Serum 25(OH)vitamin D levels were measured at baseline in 499 participants with active RA, ages 18–85 years, enrolled in a randomised clinical trial of golimumab (Go-Before Trial). Subjects were methotrexate and biologic therapy naïve. Multivariable linear regression was used to assess associations between vitamin D levels and disease activity scores (DAS28), van der Heijde-Sharp (vdHS) erosion scores, and serum inflammatory markers. Generalised estimating equations were used to evaluate the associations between vitamin D status and the response to therapy over 52 weeks, using the DAS28 and ACR response.

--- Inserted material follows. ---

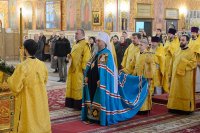3-Епископ Амфилохий сослужил Главе Казахстанского Митрополичьего округа в главном храме страны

Forty-eight percent of participants were vitamin D deficient, defined as serum 25(OH)vitamin D <20 ng/mL. Deficiency was not associated with greater DAS28 (β-0.021 [95% CI -0.22, 0.18]), adjusted for age, race, sex, BMI, disease duration and glomerular filtration rate. Vitamin D deficiency was not associated with baseline vdHS scores or inflammatory markers in adjusted or unadjusted models. There was no association between baseline vitamin D deficiency and change in DAS28 (β = -0.024 [-0.30, 0.25]), proportion meeting ACR response (OR 0.82 [0.56, 1.20]), or radiographic progression at 52 weeks (OR 0.91 [0.59–1.40]).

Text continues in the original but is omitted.